Große US-Softwarehäuser wie Peoplesoft und Oracle haben ihre Erwartungen für das erste Quartal senken müssen. Starker Preisdruck und aufgeschobene Investitionen machen der Branche das Leben schwer.

FRANKFURT/M. Für eine große Zahl von Softwareherstellern hat das Jahr 2002 mit einem Fehlstart begonnen. Gleich mehrere große Unternehmen konnten die ohnehin saisonal niedrigen Erwartungen für das Softwaregeschäft in den ersten drei Monaten nicht erfüllen. Nach einer überraschenden Gewinnwarnung des SAP-Konkurrenten Peoplesoft, einem Hersteller von Software für das Personal- und Finanzmanagement, hat auch Commerce One, Spezialist für den elektronischen Handel, die Erwartungen der Analysten verfehlt. Zuvor hatte bereits Anfang März der US-Softwareriese Oracle, der Datenbanksoftware und Unternehmensanwendungen entwickelt, seine Ertragserwartungen revidieren müssen.
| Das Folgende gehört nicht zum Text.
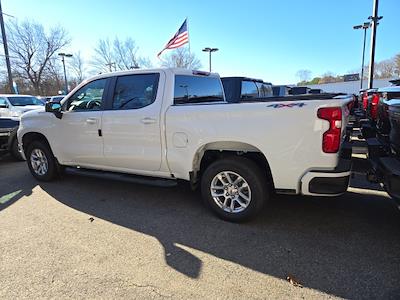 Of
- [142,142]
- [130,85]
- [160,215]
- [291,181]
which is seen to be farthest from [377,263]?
[130,85]

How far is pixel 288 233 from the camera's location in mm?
3496

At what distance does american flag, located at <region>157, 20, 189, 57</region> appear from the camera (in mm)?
10531

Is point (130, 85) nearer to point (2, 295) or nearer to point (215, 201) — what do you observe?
point (215, 201)

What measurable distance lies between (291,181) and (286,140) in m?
0.47

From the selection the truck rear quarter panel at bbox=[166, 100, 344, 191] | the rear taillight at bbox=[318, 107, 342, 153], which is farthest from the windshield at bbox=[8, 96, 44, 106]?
the rear taillight at bbox=[318, 107, 342, 153]

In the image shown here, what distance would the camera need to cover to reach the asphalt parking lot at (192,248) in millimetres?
2594

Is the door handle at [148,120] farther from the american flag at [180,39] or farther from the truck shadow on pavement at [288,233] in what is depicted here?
the american flag at [180,39]

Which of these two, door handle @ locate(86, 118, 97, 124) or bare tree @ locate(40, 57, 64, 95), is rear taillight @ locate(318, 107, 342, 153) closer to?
door handle @ locate(86, 118, 97, 124)

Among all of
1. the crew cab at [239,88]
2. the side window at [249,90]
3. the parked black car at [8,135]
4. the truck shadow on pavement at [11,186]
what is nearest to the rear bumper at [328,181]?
the truck shadow on pavement at [11,186]

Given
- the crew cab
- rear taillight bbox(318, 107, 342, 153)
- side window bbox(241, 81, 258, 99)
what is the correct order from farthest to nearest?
1. side window bbox(241, 81, 258, 99)
2. the crew cab
3. rear taillight bbox(318, 107, 342, 153)

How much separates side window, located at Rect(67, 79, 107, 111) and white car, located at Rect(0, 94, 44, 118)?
948 centimetres

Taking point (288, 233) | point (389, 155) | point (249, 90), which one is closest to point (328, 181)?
point (288, 233)

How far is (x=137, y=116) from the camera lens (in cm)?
417

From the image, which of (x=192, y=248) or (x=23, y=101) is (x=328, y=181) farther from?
(x=23, y=101) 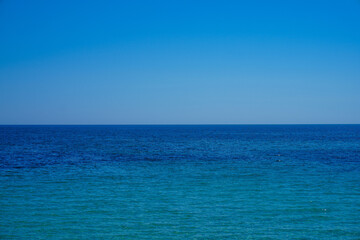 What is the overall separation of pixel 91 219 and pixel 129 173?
13560 millimetres

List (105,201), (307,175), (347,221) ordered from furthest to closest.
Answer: (307,175), (105,201), (347,221)

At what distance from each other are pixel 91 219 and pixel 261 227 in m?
8.92

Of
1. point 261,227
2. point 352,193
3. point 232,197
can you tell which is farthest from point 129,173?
point 352,193

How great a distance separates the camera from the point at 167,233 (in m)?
13.7

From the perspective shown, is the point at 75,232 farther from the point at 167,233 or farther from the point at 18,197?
the point at 18,197

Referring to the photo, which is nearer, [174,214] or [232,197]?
[174,214]

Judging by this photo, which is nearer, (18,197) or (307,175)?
(18,197)

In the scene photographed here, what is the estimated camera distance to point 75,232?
13.8 metres

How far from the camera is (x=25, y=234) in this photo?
13.6 metres

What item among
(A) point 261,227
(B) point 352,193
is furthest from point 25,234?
(B) point 352,193

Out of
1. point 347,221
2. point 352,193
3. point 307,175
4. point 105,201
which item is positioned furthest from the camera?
point 307,175

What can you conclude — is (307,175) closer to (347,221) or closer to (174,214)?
(347,221)

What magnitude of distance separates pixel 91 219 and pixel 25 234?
Result: 3.14 meters

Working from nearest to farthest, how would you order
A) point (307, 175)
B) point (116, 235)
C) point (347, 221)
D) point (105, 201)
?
point (116, 235) < point (347, 221) < point (105, 201) < point (307, 175) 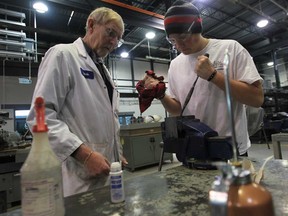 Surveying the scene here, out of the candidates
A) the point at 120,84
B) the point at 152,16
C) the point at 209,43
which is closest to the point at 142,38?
the point at 120,84

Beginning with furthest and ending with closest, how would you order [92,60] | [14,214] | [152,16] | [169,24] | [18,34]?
[18,34] < [152,16] < [92,60] < [169,24] < [14,214]

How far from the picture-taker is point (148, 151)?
14.2ft

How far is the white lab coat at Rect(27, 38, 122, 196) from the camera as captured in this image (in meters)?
0.86

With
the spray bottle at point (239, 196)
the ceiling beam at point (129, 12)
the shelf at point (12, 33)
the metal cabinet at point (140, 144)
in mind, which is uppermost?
the shelf at point (12, 33)

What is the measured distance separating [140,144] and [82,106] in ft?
11.0

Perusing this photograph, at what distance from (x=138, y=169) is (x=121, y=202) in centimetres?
376

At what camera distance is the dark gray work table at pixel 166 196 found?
586mm

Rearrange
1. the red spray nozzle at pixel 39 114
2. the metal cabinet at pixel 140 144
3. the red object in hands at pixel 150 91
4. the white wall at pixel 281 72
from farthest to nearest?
the white wall at pixel 281 72
the metal cabinet at pixel 140 144
the red object in hands at pixel 150 91
the red spray nozzle at pixel 39 114

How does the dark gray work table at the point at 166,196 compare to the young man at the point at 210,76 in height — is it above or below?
below

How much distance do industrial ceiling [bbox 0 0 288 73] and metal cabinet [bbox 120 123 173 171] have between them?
1.93m

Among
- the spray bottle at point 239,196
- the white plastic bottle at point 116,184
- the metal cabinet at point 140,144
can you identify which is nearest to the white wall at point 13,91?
the metal cabinet at point 140,144

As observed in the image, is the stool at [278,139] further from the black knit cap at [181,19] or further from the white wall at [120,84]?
the white wall at [120,84]

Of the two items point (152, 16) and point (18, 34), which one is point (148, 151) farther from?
point (18, 34)

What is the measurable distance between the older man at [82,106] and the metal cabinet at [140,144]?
118 inches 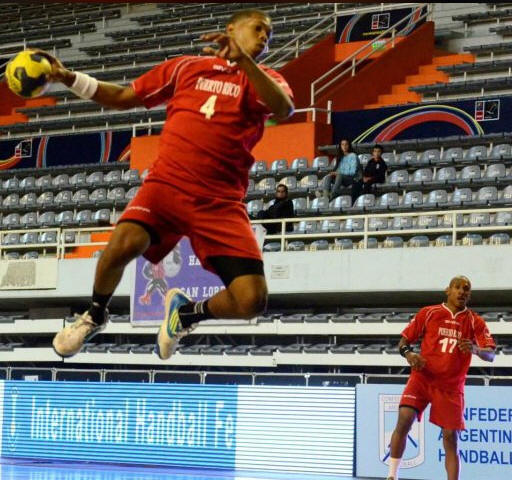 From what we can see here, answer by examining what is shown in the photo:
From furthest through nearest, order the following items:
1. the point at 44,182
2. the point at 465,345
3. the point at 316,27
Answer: the point at 316,27, the point at 44,182, the point at 465,345

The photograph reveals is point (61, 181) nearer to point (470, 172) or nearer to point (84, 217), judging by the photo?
point (84, 217)

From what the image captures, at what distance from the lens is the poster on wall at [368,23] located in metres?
23.1

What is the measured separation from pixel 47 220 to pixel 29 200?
1179 millimetres

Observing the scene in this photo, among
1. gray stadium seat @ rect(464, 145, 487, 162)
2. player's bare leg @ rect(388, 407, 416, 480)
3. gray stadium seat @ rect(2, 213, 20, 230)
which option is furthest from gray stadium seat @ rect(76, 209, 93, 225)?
player's bare leg @ rect(388, 407, 416, 480)

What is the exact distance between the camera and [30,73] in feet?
15.5

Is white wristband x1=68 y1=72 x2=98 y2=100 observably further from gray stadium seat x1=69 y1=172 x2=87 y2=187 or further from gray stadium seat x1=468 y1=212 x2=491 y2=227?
gray stadium seat x1=69 y1=172 x2=87 y2=187

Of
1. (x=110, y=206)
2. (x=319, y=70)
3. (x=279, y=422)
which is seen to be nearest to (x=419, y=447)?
(x=279, y=422)

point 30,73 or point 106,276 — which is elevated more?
point 30,73

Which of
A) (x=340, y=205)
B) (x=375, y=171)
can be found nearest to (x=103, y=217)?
(x=340, y=205)

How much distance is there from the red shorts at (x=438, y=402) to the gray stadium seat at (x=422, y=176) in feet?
28.2

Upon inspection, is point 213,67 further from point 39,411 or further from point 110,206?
point 110,206

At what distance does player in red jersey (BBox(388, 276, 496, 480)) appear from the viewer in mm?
9188

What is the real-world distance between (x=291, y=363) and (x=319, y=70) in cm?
916

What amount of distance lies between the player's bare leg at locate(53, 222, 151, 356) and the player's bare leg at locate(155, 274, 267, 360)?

Doch auch in der zweiten Reihe der Softwarehäuser hat das Jahr vielfach mit schlechten Vorzeichen begonnen. Interwoven, ein Hersteller von Verwaltungssystemen für Internet- und Intranetinhalte sowie Broadvision überraschten im ersten Quartal mit höheren Verlusten als bislang angenommen. Ebenfalls Anfang März war die Aktie der deutschen Software AG unter die Räder gekommen. Nachdem der Anbieter von Großrechner und Datenbanksoftware seine Prognose für das erste Quartal auf Vorjahresniveau senkte , brach der Aktienkurs um rund 40 % ein.



"Viele Unternehmen haben ihre IT-Budgets gekürzt und Projekte verschoben", begründet Benno Arnold, Analyst bei der Bank Vontobel die Serie schlechter Nachrichten. Chancen für einen Aufschwung in der Softwarebranche sieht der Analyst "eher 2003 als in der zweiten Jahreshälfte 2002". Für den weltweit größten Softwaremarkt Nordamerika gehen die Analysten von Goldman Sachs jedenfalls nicht von einer schnellen Erholung aus. Knapp die Hälfte der weltweiten Softwareausgaben von 223 Mrd. Euro wurden 2001 in den USA ausgegeben. Doch der Technologiesektor folge der Erholung US-Gesamtwirtschaft "erst mit zeitlicher Verzögerung". Die Investmentbank reduzierte die Erwartungen für zwei Schwergewichte der Branche: Siebel Systems, dem größten Hersteller von Kundenmanagement-Software (CRM) und Microsoft. Für Microsoft senkte Goldman Sachs im ersten Quartal die Umsatzprognose um 300 Mill. $. Der Grund: In Europa und Japan bleiben die Verkaufszahlen der Videospielkonsole Xbox hinter den Erwartungen zurück.

Trotz einer Serie von Gewinnwarnungen von Konkurrenten sieht das größte europäische Softwarehaus SAP keinen Grund von seinen bisherigen Prognosen für das Gesamtjahr 2002 abzurücken.SAP rechnet demnach mit einem Umsatzplus von 15 % und einer Verbesserung der operativen Marge von mindestens einem Prozentpunkt auf 21 %. Zwar hat Ende Januar SAP-Vorstandssprecher Henning Kagermann für die Walldorfer Softwareschmiede ein "herausforderndes Jahr in einem schwierigen wirtschaftlichen Umfeld" in Aussicht gestellt. Doch "wenn wir dem Markt etwas zu sagen hätten, würden wir es umgehend tun", sagte gestern ein Unternehmenssprecher. Trotzdem hat die Aktie hat in den vergangangen zwei Tagen an der Börse mehr als 8 % an Wert verloren.

"Im Moment kann sich SAP dem Negativtrend der Softwarebranche noch relativ gut entziehen", sagt Friedrike Herkommer, Analystin bei der Hypovereinsbank. Die Produktpalette sei gut und reiche von Standardsoftware für die Finanzbuchhaltung und Personalmanagement (ERP) bis zu Software für das Kundenmanagement (CRM) oder Internetportale. "Doch auf Dauer belastet die schlechte Stimmung auch das Umfeld für SAP", glaubt die Analystin.

Zu schaffen macht den Softwarehäusern auch die zunehmend härter um Rabatte feilschende Kundschaft. "Die meisten Vertragsabschlüsse werden wenige Tage vor Ablauf des Quartals gemacht", sagt Benno Arnold. "Dann ist der Druck auf die Verkäufer am stärksten, durch Rabatte einen Vertrag noch in das laufende Quartal rechnen zu können". Anstelle der bislang üblichen Rabatte von 20- 30 % soll es im ersten Quartal zu Preisnachlässen bis zu 50 % gekommen sein.